## About this task
Copy the lines below exactly. Start at the first and finish with the line containing "Moreover, the amount".
******
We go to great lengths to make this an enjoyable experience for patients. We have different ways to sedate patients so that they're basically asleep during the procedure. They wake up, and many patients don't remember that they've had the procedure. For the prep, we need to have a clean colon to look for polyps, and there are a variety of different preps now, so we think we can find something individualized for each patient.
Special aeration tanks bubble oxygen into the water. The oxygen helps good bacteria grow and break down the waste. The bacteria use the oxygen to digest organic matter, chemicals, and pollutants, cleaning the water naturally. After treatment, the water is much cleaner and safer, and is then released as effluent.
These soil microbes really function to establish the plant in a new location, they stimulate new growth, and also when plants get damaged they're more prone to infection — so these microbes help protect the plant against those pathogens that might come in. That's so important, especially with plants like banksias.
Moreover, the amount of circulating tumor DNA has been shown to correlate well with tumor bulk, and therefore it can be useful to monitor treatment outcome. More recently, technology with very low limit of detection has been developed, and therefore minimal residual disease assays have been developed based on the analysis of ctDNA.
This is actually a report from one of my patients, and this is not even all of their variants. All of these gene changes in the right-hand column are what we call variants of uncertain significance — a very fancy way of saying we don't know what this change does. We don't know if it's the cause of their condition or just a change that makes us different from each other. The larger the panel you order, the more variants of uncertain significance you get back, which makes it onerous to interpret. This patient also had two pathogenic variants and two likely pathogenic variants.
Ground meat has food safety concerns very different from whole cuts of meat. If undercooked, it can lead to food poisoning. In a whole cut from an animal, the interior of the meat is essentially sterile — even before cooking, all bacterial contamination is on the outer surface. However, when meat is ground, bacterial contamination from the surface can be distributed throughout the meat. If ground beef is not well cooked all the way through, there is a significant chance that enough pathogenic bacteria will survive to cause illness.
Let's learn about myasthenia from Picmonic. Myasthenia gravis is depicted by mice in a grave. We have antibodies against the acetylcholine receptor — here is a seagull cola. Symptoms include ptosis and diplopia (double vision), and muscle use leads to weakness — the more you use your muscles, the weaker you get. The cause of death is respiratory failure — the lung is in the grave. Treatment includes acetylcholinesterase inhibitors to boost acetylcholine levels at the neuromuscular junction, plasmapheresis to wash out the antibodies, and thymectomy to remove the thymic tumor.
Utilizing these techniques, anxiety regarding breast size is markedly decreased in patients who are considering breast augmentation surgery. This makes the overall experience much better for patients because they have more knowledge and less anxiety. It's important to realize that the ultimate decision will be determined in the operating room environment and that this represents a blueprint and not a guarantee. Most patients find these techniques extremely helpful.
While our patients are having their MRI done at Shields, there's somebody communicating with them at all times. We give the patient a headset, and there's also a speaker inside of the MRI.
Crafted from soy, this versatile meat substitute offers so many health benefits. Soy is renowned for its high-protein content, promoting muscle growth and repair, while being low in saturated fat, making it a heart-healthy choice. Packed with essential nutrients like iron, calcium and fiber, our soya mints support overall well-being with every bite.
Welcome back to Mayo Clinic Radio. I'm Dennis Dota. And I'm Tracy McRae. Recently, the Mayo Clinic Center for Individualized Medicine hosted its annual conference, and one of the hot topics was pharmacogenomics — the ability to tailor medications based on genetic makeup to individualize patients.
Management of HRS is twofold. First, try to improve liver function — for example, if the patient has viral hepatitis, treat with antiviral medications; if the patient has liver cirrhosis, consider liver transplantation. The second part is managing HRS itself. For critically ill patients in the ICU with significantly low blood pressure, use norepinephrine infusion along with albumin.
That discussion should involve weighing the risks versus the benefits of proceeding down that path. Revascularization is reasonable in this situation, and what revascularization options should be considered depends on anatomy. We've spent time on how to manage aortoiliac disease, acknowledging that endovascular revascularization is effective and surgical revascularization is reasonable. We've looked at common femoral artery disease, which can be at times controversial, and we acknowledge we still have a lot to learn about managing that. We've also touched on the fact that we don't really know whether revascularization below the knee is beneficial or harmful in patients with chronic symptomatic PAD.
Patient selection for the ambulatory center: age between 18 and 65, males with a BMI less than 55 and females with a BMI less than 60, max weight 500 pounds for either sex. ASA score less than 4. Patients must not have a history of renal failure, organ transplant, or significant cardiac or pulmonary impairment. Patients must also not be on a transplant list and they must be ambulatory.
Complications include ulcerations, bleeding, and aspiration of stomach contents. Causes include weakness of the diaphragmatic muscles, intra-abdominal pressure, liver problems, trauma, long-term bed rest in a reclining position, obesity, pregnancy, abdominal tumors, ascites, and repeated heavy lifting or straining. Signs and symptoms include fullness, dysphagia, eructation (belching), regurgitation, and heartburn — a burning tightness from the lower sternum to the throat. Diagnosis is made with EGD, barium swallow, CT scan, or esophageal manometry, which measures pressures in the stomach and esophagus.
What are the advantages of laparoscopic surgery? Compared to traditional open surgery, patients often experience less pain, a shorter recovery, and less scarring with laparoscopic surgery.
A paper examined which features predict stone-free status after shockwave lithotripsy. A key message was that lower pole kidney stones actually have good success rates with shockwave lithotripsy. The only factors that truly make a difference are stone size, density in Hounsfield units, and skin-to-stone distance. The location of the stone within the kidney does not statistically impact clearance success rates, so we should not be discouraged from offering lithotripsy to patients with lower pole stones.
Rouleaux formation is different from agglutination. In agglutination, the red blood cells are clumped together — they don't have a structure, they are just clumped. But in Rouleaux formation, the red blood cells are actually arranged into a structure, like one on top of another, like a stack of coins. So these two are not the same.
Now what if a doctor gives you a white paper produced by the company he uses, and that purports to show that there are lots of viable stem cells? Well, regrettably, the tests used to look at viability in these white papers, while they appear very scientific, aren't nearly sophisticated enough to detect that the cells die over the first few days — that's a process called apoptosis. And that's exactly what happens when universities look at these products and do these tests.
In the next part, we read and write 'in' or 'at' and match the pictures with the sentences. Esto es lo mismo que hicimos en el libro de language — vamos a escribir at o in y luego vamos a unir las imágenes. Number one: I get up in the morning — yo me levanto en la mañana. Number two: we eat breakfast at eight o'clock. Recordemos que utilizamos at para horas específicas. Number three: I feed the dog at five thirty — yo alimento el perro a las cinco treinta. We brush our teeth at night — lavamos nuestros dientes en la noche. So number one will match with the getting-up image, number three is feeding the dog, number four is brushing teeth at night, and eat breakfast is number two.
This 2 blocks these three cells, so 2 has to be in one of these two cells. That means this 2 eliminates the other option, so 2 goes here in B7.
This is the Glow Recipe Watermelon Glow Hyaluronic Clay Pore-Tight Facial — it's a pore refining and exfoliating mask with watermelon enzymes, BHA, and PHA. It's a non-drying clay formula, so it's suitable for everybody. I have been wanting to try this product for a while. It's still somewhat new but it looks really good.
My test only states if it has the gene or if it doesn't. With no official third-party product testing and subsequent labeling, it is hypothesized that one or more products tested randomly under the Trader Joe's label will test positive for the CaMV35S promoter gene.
******
## Result
We go to great lengths to make this an enjoyable experience for patients. We have different ways to sedate patients so that they're basically asleep during the procedure. They wake up, and many patients don't remember that they've had the procedure. For the prep, we need to have a clean colon to look for polyps, and there are a variety of different preps now, so we think we can find something individualized for each patient.
Special aeration tanks bubble oxygen into the water. The oxygen helps good bacteria grow and break down the waste. The bacteria use the oxygen to digest organic matter, chemicals, and pollutants, cleaning the water naturally. After treatment, the water is much cleaner and safer, and is then released as effluent.
These soil microbes really function to establish the plant in a new location, they stimulate new growth, and also when plants get damaged they're more prone to infection — so these microbes help protect the plant against those pathogens that might come in. That's so important, especially with plants like banksias.
Moreover, the amount of circulating tumor DNA has been shown to correlate well with tumor bulk, and therefore it can be useful to monitor treatment outcome. More recently, technology with very low limit of detection has been developed, and therefore minimal residual disease assays have been developed based on the analysis of ctDNA.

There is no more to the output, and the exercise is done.